Ini berarti terorisme pada umumnya, baik untuk tujuan mengambil harta maupun untuk tujuan-tujuan politik dan lainnya, masuk dalam bab memerangi Allah dan Rasul-Nya atau al-Hibarah, yang hukum dasarnya jelas haram. Akibat terorisme sangat berpengaruh pada kehidupan masyarakat. Rasa aman yang hilang merupakan siksaan kejiwaan yang berdimensi luas dan mendalam. Ini termasuk dalam “kekerasan” yang tindakan menimbulkannya sangat dilarang oleh Islam.
d.    Bentuk-bentuk terorisme
Kejadian-kejadian dan aksi-aksi terorisme yang tengah menimpa manusia sangatlah banyak dan beraneka ragam, sesuai dengan kondisi dan keadaan yang diharapkan oleh para pelakunya guna meraih sasaran dan target mereka. Namun, menurut catatan sejarah dan berbagai kejadian yang melanda umat saat ini, seluruh kejadian dan aksi tersebut tidaklah keluar dari dua perkara:[3]
a)    Terorisme fisik
Peristiwa-peristiwa yang sekarang menjadi puncak sorotan perhatian manusia. Seperti, peledakan,pengeboman, penculikan, aksi bunuh diri, pembajakan, dan seterusnya.
Berbagai kejadian pahit dari terorisme fisik ini tercatat dalam sejarah. Seperti, Pembunuhan khalifah yang mulia, Umar bin Khattab Al-faruq oleh seorang Majusi yang bernama Abu Lu’luah adalah salah satu bentuk terorisme yang rendah dan hina. Selanjutnya, pembunuhan khalifah yang mulia, Utsman bin Affan Dzu Nur’ain oleh gerombolan Khawarij dengan provokasi dari pendiri Syi’ah, Abdullah bin Saba’ seorang Yahudiyang berpura-pura masuk islam juga termasuk bentuk terorisme yang terkutuk.
b)   Terorisme Ideologi (pemikiran/pemahaman)
Terorisme jenis ini jauh lebih berbahaya daripada terorisme fisik, sebab seluruh bentuk terorisme fisik yang terjadi bersumber dari dorongan ideologi para pelakunya, baik dari kalangan orang-orang kafir yang merupakan sumber terorisme dimuka bumi ini maupun dari kalangan kaum muslimin yang pemikirannya telah menyimpang dari jalan islam yang benar.
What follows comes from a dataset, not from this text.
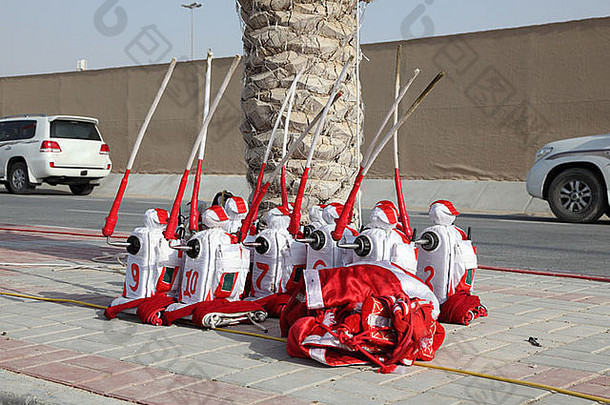 骑师机器人骆驼比赛跟踪多哈回合谈判卡塔尔中间东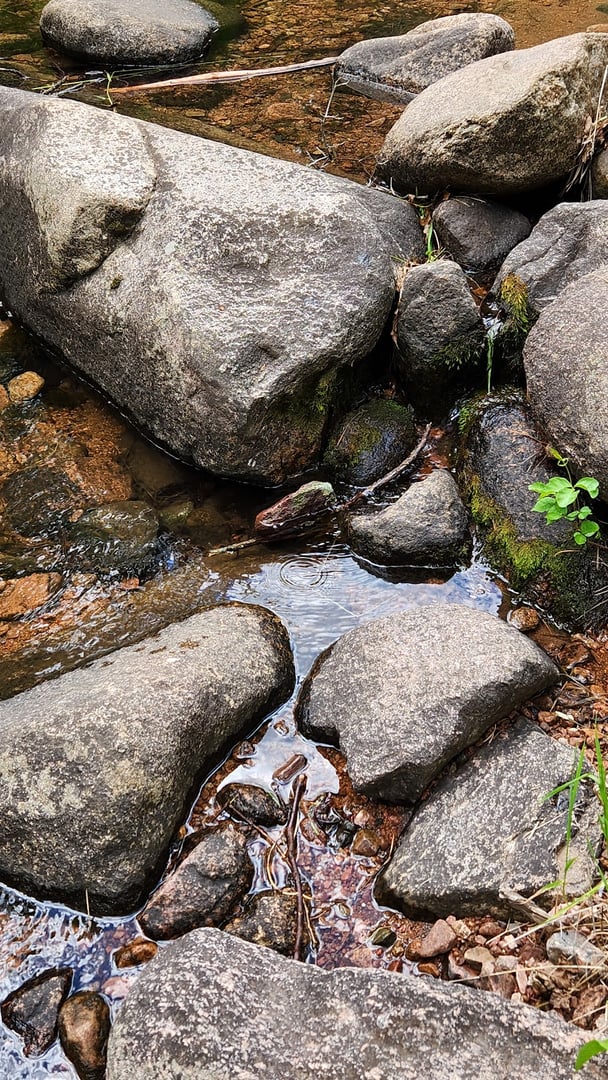 Nature und Wildtiere Entdeckungszentrum - Mountain Campus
e.    Agenda dunia islam dalam menanggulangi terorisme
a.  Mengedepankan sikap toleransi yang dianjurkan Islam dan memberikan pemahaman yang benar, melalui sarana pengetahuan dan pendidikan, sehingga dapat dibedakan antara pengertian jihad dan irhab (terorisme), baik dalam segi bentuk dan substansinya.
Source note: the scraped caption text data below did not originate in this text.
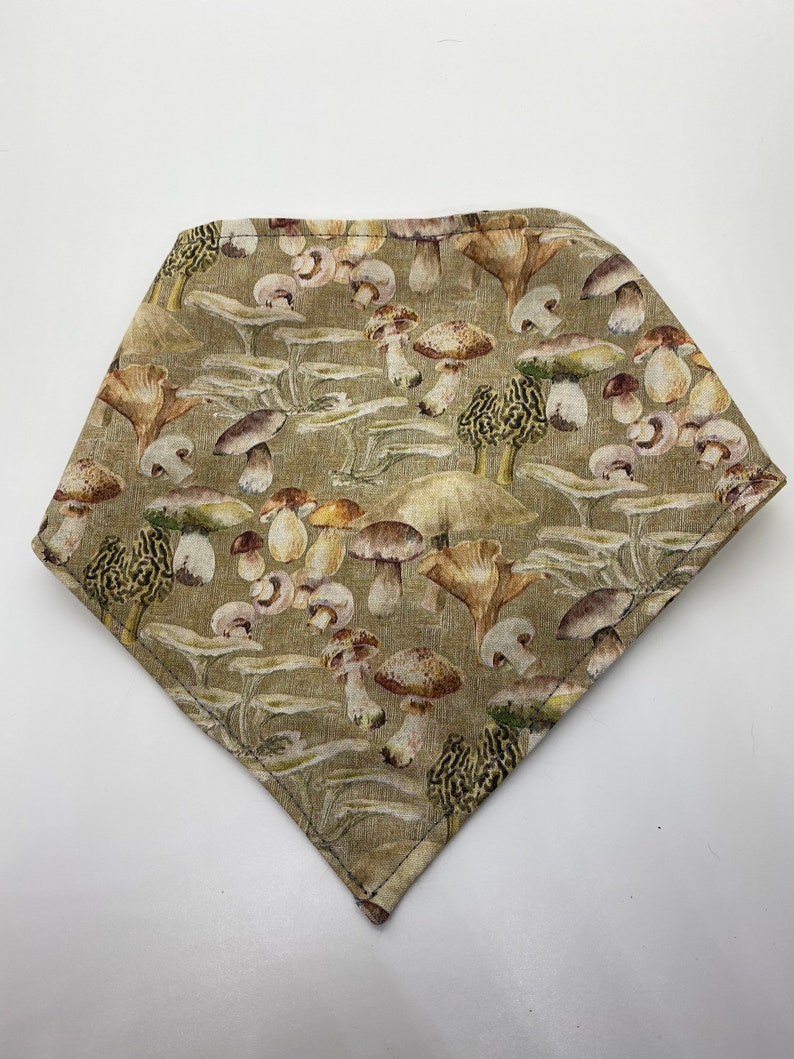 Mushroom Pet Bandana Fungi Halloween Accessories for Dogs Fall Etsy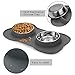 Double Dog Cat Bowls 2 Stainless Steel with No Spill Non-Skid Silicone Mat, Pet Food Water Feeder Bowl for Small Medium Large Dogs, Puppies, and Pets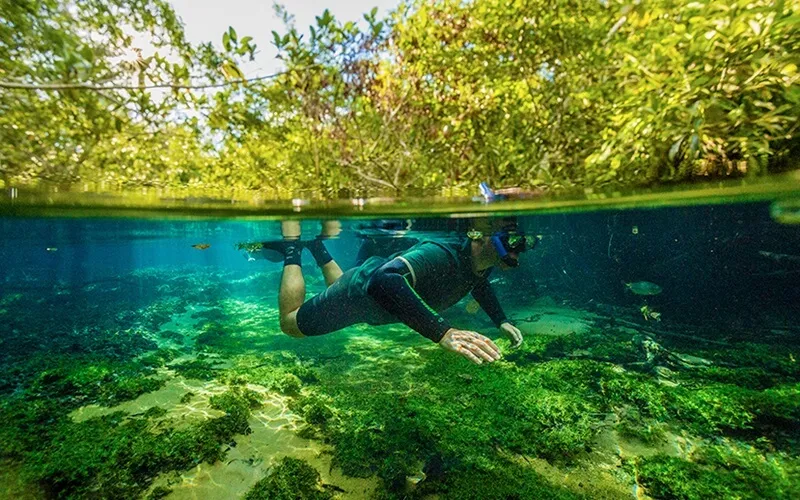flutuacao-alta-temporada-(1)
b.  Penanggulangan terorisme harus dilakukan secara transparan dengan menggunakan bukti-bukti yang valid, karena pada dasarnya hak-hak asasi manusia (HAM) harus dihargai, kecuali terbukti melanggar undang-undang.
c.  Kesalahan hanya dibebankan pada pelaku teroris dan tidak berlaku bagi orang lain. Hal ini sebagaimana sisebutkan dalam shuhuf  Musa dan Ibrahim serta al-Qur’an:
أم لم بنيّا بما في صحف موسي وإبراهيم الذي وفّي الما تزروزرة وزر أخري
d. Menghormati nota kesepakatan aturan internasional sekaligus setiap negara menghormati keberadaan negara lain, sehingga di saat terjadi tindakan terorisme hanya negara tersebut yang bergerak tanpa intervensi negara lain, kecuali menyampaikan ke pihak yang terkena kerugian.
e.  Perlu adanya pengentasan kemiskinan dunia dan memberikan setiap negara untuk maju sesuai kemampuan masing-masing negara.
f.  Harus menghormati perbedaan beragama, peradaban dan kebudayaan manusia dan tidak dianggap sebagai benturan. Oleh karena itu, perlu adanya pengembangan dialog yang bersandar pada logika, nilai dan kemanfaatan bersama.
g.  Perlu adanya penegakan kedzaliman, terutama kedzaliman sejarah yang berkaitan dengan Palestina, karena ini termasuk inti dari akar terorisme.
C.       Islam dan Pluralisme Beragama
a.          Isu Pluralisme
Agama turun untuk menjadi pegangan bagi penganutnya. Dalam bahasa al-Qur’an pegangan ini disebut petunjuk (hudan). Manusia sebagai penganut agama tentu sarat dengan konteks waktu, konteks tempat, konteks masalah, konteks kebutuhan, konteks tuntutan dan sejenisnya. Konsekuensinya, agamapun penuh dengan konteks, penuh dengan historisitas, sesuai dengan konteks umat penerima agama, baik dari sisi ajaran maupun sarana atau cara yang digunakan untuk menyampaikan ajaran. Karena itu, isi maupun cara menyampaikan ajaran agama sangat tergantung pada konteks penganut agama tersebut.Betapa besar pengaruh historisitas atau konteks penganut agama terhadap isi ajaran agama, dapat dibuktikan dengan islam yang turun di Arab. Dapat dibuktikan seluruh isi al-Qur’an dan sunah Nabi Muhammad SAW merupakan jawaban terhadap persoalan-persoalan masyarakat Arab di masa itu. Bisa juga, ajaran agama islam tidak seperti yang kita kenal sekarang andaikan Nabi Muhammad SAW tidak hidup di Arab.[4]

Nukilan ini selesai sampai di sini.